■ **Task goal**
Your output should be the lines below from the one with "313 Vista DR" through the one with "2011 KIA OPTIMA", copied exactly, pictures excluded.

■ **Source data**
==*==
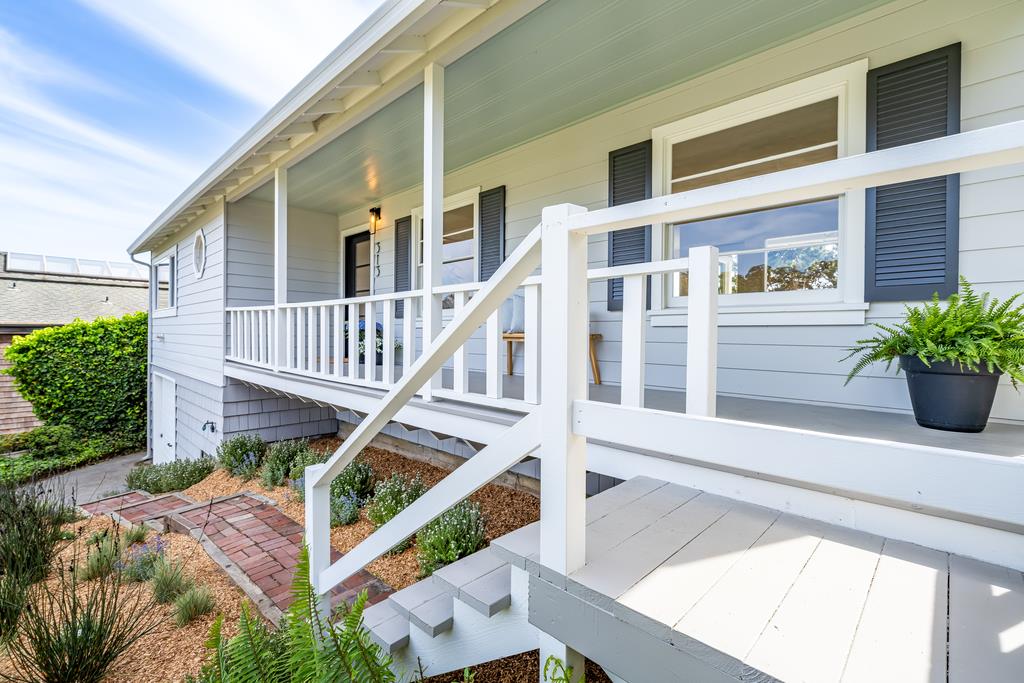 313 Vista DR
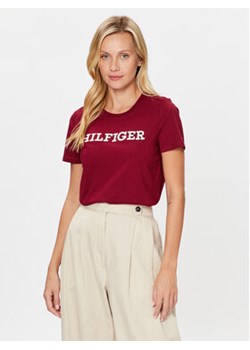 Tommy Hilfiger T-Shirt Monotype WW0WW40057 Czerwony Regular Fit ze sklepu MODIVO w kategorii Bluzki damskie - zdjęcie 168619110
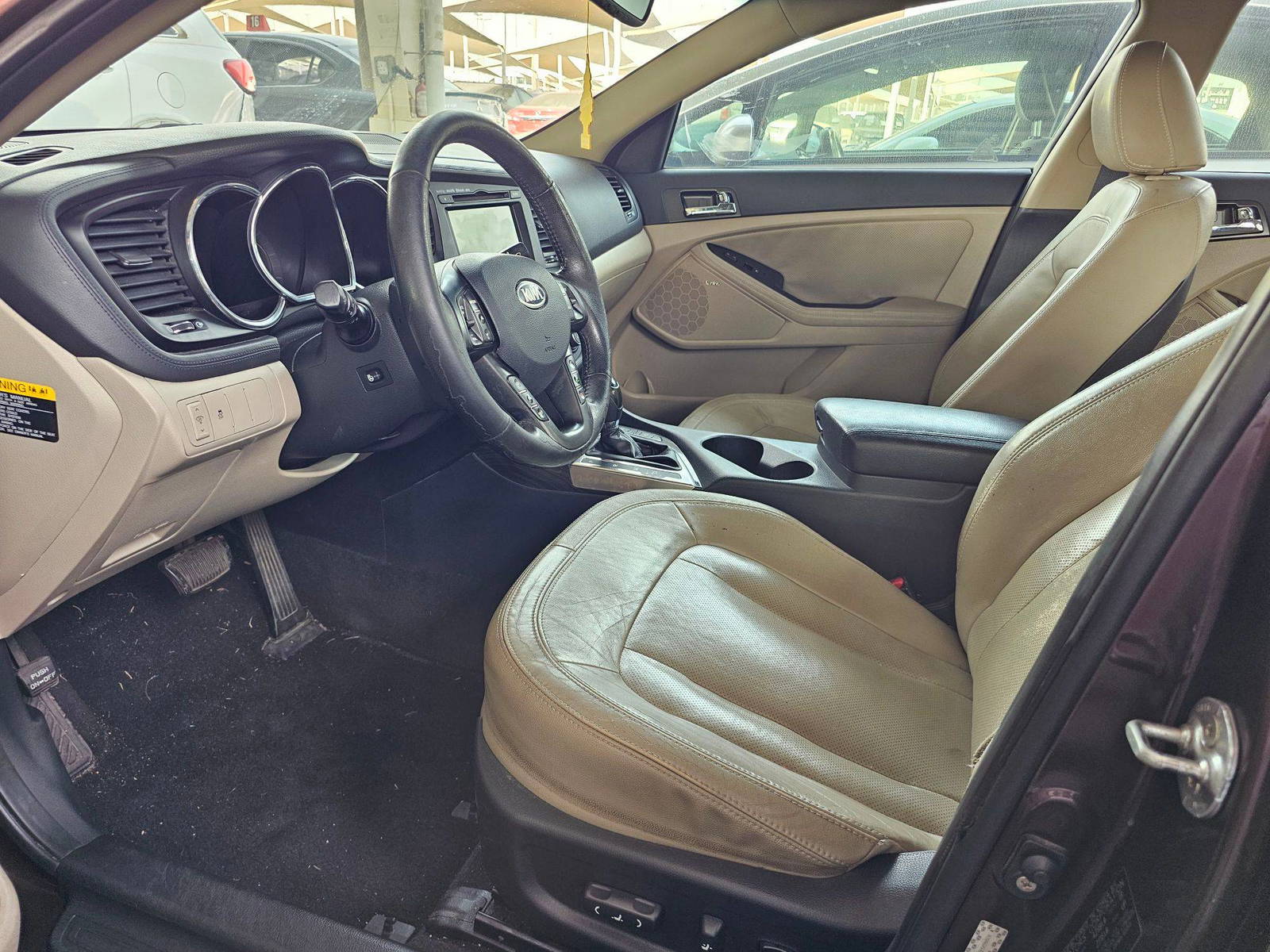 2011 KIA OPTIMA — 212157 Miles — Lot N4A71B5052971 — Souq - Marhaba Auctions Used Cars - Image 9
==*==
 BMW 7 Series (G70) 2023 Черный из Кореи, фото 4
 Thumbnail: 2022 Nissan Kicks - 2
==*==
■ **Answer area**
 313 Vista DR
 Tommy Hilfiger T-Shirt Monotype WW0WW40057 Czerwony Regular Fit ze sklepu MODIVO w kategorii Bluzki damskie - zdjęcie 168619110
 2011 KIA OPTIMA — 212157 Miles — Lot N4A71B5052971 — Souq - Marhaba Auctions Used Cars - Image 9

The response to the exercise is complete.